→ AIM OF THE EXERCISE: Work through the data line by line, gathering every line that has the word "Silver".

(Beginning of INFORMATION SUPPLIED)

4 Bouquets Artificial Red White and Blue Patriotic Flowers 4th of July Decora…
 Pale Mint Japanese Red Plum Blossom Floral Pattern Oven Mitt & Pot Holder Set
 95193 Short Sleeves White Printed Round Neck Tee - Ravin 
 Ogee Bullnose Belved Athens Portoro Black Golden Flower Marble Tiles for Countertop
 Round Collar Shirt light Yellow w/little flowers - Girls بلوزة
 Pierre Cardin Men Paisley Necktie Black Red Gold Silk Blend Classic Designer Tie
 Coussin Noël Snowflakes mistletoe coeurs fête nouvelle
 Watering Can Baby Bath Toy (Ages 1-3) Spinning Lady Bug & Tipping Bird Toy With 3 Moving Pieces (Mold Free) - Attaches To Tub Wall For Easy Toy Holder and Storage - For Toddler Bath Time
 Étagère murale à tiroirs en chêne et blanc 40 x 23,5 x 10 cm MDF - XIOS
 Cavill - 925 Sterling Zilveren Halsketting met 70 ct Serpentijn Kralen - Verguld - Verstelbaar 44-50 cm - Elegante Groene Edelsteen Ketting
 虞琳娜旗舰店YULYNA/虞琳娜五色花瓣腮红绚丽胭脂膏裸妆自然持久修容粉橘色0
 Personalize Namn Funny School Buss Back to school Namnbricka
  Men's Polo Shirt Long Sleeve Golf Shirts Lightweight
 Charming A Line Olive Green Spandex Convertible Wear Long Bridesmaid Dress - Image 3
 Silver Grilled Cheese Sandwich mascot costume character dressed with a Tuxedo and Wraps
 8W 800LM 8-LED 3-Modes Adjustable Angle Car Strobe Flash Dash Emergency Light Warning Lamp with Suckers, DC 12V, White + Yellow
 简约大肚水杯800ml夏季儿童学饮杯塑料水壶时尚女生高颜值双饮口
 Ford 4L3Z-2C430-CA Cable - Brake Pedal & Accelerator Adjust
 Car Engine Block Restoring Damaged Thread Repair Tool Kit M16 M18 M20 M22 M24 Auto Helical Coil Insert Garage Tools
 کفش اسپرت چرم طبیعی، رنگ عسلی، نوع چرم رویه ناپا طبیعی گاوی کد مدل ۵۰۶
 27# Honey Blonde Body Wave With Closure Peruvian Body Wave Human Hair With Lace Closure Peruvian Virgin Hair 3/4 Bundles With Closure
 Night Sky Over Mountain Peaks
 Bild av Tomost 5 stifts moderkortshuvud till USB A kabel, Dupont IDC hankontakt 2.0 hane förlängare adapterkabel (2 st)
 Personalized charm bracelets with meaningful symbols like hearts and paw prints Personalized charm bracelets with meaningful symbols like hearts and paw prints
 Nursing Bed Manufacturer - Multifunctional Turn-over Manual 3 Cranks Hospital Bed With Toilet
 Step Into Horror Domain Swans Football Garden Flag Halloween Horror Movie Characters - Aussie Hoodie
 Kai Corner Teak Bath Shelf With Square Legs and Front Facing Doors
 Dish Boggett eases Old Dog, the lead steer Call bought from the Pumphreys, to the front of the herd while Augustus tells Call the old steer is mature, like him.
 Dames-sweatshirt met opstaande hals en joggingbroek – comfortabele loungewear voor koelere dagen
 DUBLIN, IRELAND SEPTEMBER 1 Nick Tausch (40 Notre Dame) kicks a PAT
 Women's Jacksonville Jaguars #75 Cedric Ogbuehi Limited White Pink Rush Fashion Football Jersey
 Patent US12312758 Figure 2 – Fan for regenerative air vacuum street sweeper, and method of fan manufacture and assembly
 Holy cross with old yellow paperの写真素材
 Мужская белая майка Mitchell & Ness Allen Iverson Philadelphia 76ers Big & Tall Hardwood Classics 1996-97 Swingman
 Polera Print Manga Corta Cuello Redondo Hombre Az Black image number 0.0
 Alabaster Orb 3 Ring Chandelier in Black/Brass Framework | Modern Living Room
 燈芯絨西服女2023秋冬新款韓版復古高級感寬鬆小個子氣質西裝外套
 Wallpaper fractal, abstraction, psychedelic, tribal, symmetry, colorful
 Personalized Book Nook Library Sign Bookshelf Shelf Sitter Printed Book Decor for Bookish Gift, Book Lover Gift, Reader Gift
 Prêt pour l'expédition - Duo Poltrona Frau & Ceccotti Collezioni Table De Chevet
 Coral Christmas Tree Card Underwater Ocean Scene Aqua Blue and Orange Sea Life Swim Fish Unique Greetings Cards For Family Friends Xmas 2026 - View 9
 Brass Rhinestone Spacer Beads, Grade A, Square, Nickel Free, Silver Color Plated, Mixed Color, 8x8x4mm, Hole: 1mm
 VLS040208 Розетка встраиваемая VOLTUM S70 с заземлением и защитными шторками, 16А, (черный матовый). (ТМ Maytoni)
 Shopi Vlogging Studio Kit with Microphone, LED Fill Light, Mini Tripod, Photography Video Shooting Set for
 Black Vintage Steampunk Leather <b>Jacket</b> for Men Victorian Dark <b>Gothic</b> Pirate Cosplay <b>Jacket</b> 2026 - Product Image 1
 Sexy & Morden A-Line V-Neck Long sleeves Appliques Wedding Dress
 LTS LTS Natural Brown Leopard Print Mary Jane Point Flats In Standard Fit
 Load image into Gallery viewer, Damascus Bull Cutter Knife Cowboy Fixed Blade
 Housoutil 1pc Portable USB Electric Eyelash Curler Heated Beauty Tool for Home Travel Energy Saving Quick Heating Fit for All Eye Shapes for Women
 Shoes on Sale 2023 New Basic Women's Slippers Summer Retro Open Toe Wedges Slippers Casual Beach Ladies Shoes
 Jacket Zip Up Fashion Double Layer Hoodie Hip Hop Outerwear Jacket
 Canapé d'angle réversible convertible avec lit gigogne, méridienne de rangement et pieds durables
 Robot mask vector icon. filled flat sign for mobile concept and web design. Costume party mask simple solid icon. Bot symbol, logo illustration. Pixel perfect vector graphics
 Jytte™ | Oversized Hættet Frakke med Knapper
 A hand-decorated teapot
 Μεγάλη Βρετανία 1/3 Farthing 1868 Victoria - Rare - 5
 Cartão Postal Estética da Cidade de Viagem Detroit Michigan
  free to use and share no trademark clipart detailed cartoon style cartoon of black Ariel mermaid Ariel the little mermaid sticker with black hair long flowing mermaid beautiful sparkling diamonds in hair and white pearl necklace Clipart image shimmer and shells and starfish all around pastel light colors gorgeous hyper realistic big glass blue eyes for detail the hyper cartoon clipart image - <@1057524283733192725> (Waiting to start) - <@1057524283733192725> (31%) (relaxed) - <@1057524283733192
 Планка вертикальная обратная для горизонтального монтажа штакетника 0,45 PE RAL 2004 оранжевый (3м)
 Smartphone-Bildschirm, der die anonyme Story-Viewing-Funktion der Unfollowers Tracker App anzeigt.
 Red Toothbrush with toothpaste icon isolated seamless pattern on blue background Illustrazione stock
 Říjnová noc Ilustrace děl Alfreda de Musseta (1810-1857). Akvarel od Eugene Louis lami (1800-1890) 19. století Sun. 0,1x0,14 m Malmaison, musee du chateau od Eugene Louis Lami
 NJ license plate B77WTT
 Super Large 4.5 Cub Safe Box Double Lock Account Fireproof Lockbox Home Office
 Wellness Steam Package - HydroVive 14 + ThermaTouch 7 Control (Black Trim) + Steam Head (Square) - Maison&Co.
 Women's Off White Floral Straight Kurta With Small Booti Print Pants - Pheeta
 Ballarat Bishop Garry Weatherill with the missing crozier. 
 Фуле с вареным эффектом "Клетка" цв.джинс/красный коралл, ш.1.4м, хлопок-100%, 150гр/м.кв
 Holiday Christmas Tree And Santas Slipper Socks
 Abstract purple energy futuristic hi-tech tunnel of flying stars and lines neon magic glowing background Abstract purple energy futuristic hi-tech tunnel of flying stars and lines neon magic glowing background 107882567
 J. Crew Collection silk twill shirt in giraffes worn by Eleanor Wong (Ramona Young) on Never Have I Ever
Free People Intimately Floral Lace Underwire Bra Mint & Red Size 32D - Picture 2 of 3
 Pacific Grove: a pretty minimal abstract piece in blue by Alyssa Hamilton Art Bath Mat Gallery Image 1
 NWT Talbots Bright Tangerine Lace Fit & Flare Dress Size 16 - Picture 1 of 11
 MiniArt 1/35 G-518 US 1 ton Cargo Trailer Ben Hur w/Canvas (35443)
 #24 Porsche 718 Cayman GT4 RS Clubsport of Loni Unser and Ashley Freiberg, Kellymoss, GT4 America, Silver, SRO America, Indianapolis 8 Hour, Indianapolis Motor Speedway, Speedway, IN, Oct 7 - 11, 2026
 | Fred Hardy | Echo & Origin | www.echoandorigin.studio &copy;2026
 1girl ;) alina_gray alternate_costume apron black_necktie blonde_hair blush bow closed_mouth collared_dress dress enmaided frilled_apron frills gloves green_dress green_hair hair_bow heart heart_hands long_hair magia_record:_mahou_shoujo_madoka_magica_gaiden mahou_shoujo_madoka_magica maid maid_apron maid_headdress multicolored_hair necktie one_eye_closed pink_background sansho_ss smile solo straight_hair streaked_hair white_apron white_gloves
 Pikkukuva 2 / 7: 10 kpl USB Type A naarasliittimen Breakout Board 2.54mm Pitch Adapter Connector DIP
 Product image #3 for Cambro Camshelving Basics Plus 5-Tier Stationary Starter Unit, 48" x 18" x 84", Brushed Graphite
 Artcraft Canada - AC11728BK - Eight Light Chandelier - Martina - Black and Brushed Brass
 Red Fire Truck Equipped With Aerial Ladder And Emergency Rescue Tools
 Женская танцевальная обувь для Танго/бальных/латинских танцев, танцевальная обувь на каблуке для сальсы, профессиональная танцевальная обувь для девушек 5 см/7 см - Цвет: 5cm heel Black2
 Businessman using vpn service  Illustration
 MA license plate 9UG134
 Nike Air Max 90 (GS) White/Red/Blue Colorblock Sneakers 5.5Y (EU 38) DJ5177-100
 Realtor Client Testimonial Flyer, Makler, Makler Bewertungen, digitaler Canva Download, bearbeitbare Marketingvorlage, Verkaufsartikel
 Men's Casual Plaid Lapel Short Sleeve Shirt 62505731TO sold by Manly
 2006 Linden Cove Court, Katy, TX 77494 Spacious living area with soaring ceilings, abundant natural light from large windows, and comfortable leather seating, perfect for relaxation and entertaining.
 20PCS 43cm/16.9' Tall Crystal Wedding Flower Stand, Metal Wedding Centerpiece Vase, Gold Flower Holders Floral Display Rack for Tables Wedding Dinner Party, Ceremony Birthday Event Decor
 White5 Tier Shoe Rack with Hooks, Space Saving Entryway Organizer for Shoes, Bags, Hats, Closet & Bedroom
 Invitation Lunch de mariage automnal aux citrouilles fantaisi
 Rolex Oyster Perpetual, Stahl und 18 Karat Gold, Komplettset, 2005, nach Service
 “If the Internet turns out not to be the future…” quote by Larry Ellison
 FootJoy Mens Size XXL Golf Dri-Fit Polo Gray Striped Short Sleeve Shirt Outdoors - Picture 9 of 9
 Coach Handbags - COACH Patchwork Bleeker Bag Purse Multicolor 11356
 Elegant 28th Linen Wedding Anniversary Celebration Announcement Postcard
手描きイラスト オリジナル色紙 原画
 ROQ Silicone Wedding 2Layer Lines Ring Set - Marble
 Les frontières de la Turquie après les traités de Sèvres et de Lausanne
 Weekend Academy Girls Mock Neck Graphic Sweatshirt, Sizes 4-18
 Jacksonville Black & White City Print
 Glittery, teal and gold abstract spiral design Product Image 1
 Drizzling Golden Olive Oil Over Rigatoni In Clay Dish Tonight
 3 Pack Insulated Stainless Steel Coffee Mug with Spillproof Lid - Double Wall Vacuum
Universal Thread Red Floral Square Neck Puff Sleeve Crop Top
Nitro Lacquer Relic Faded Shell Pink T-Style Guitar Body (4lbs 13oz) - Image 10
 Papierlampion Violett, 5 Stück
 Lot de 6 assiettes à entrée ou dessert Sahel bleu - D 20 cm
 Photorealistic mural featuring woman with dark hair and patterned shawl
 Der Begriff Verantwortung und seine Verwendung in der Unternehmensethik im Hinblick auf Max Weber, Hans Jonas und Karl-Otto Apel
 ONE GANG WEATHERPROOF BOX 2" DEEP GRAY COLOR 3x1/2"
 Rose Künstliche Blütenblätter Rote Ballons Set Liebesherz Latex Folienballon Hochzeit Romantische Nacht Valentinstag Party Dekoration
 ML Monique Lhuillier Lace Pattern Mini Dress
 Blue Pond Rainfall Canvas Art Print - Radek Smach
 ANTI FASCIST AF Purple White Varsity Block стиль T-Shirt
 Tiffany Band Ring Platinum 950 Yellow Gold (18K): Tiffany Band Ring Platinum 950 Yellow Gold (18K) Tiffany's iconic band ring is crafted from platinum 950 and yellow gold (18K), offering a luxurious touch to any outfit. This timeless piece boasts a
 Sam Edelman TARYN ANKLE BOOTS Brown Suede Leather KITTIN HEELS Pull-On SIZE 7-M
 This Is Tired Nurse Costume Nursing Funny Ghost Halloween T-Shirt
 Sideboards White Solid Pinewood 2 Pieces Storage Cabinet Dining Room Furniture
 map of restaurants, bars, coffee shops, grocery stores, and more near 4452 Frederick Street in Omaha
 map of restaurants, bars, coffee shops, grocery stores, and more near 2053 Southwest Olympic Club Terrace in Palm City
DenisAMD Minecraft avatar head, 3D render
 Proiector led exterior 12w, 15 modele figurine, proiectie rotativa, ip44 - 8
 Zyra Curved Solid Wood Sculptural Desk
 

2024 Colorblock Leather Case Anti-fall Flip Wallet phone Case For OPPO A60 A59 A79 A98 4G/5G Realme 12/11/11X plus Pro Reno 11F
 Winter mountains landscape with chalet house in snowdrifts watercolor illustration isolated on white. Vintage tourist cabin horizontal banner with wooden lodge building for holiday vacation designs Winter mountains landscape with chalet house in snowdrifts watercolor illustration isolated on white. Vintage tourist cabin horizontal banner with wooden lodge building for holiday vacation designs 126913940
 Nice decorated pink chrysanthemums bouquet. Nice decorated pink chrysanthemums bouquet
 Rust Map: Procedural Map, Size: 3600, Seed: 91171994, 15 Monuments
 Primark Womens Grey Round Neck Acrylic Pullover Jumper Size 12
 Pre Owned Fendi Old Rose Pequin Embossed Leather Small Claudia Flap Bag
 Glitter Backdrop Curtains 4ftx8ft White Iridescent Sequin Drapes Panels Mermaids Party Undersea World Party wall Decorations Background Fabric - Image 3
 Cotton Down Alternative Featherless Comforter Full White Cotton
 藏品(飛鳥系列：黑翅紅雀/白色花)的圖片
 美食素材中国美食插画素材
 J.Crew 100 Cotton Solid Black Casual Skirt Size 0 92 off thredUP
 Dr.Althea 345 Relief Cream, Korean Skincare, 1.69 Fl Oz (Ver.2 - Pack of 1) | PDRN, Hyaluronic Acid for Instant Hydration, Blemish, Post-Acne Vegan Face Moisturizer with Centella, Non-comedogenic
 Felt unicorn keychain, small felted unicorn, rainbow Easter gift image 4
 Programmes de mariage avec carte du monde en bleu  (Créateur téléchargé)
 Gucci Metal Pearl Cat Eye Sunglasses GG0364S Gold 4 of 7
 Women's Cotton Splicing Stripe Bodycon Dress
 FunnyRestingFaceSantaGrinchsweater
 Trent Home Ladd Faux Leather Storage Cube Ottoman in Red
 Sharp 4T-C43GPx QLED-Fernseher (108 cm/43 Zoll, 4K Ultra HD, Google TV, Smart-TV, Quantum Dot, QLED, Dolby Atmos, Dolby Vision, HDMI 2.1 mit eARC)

(End of INFORMATION SUPPLIED)

→ RESULT FOR THIS EXERCISE:
 Silver Grilled Cheese Sandwich mascot costume character dressed with a Tuxedo and Wraps
 Brass Rhinestone Spacer Beads, Grade A, Square, Nickel Free, Silver Color Plated, Mixed Color, 8x8x4mm, Hole: 1mm
 #24 Porsche 718 Cayman GT4 RS Clubsport of Loni Unser and Ashley Freiberg, Kellymoss, GT4 America, Silver, SRO America, Indianapolis 8 Hour, Indianapolis Motor Speedway, Speedway, IN, Oct 7 - 11, 2026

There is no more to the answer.